Westpac Group chief information officer, Clive Whincup, took over from former CIO, Bob McKinnon, in December last year and has forged ahead with the bank’s 15 IT strategic investment priorities (SIPs). He is currently working on Westpac’s online banking transformation.
Whincup sat down with CIO Australia to discuss how the SIP programs are going, his leadership style, managing IT in a banking environment and why CIOs need to become more effective.
What does an average work day involve for you at the Westpac Group?
I spend as much time as possible talking to colleagues and teams to understand what they are doing and their challenges. I’m also finding how we can take learning’s from one part of the organisation and apply it to others. A large part of leadership is about talking to people. I don’t think you can be an effective leader unless you like people and have the ability to empathise with how they are feeling.
There are lots of decisions to be made in this role on a day-to-day basis and I like to get involved in the right amount of detail. It’s quite easy to get sucked into far too much detail which doesn’t allow you to understand the implications of what you’re deciding.
Governing an organisation as diverse as Westpac is a challenge. A lot of that is about the ability to understand the technology, the application of this technology and what it means to customers.
Another challenge is setting clear strategies and strategic outcomes that are constant over time, even though circumstances change. If you can’t learn to anticipate those changing environmental factors, then you won’t succeed as a CIO over time.
What are some of the major projects you have been working on?

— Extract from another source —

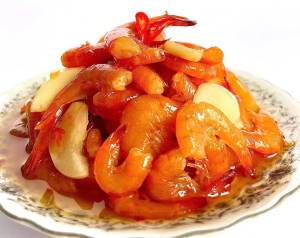 Mắm Tép Bạc Cà Mau - Hủ 500g - Đặc Sản Cà Mau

Over the last three years within Westpac we have delivered some very significant programs. These include an integration of the credit card system from St. George and Westpac onto a single platform, a new collections platform and introduced the St. George teller application to the Westpac branch environment.
We’re currently working on a range of projects in our compliance portfolio which means implementing financial services regulatory changes. We also continue to make good progress with our internet banking system which is a significant program in the SIPs portfolio. Our online transformation project is focused on making a step change in the underlying technology.
In addition to that, we’re also looking at IT investments in our wholesale/ payment space and wealth business.
What are the three biggest issues facing CIOs today?
Within financial services we have to become more effective and efficient. That’s to do with the way we undertake programs but also how we manage knowledge within the organisation and how effective we are at managing our people.
There are a number of upcoming challenges in the payments space because there are areas where financial institutions need to balance regulatory requirements against the need for technology which is orientated towards the customer.
What is your favourite gadget?
Mine would have to be the iPad because it’s one of the most helpful and adaptable tools that I’ve started using.